The script makes or breaks a tutorial video. A well-written script that accurately explains what the code does and why each decision was made produces a video that teaches something. A vague script that says "now we add some code to handle the request" produces a video that wastes the viewer's time. Most AI script generators produce the vague version because they do not understand the content they are writing about.
The Git Diff Approach
The most effective AI script generation for developer content does not start with "describe this video." It starts with structured data about what actually happened during the recording. The two richest data sources are OCR output (what appeared on screen) and git diffs (what changed in the codebase).
A git diff for a coding session might look like this:
diff --git a/src/middleware/rateLimit.ts b/src/middleware/rateLimit.ts
new file mode 100644
--- /dev/null
+++ b/src/middleware/rateLimit.ts
@@ -0,0 +1,42 @@
+import { Redis } from 'ioredis';
+
+interface RateLimitConfig {
+ windowMs: number;
+ maxRequests: number;
+}
+
+export function createRateLimiter(redis: Redis, config: RateLimitConfig) {
+ return async (req: Request, res: Response, next: NextFunction) => {
+ const key = `ratelimit:${req.ip}`;
+ const current = await redis.incr(key);
+
+ if (current === 1) {
+ await redis.expire(key, config.windowMs / 1000);
+ }
+
+ if (current > config.maxRequests) {
+ return res.status(429).json({ error: 'Rate limit exceeded' });
+ }
+
+ res.setHeader('X-RateLimit-Remaining', config.maxRequests - current);
+ next();
+ };
+}
From this diff alone, an AI script writer can produce accurate narration:
"We start by creating a rate limiting middleware using Redis as the backing store. The function takes a Redis client and a configuration object specifying the time window and maximum request count. For each incoming request, we increment a counter keyed by the client's IP address. On the first request in a window, we set the expiry to match our window duration. If the counter exceeds the maximum, we return a 429 status. Otherwise, we set a header showing remaining requests and pass control to the next middleware."

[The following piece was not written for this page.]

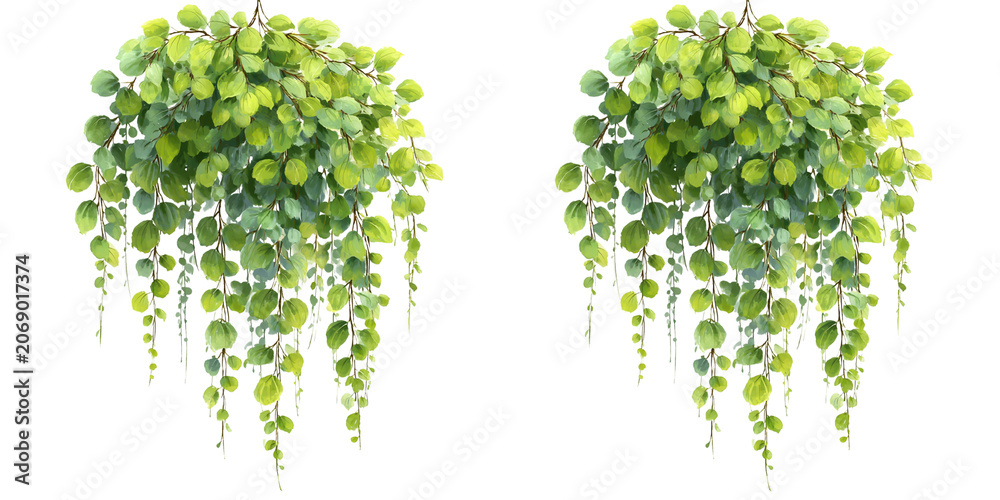 Fototapeta premium Cascading green leaves plant hanging downwards isolated on transparent background.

That narration is technically accurate, explains the "why" behind each line, and uses correct terminology. No human writer needed. The AI understood the code because it had the actual code as input, not a vague description.
VidNo's Script Generation Pipeline
The script generation in VidNo follows a specific chain:
- Collect data: OCR text from every frame, git diff from the working directory, audio transcription if present
- Build timeline: Map each code change to its timestamp in the recording
- Identify segments: Group changes into logical segments (setup, implementation, testing, debugging, completion)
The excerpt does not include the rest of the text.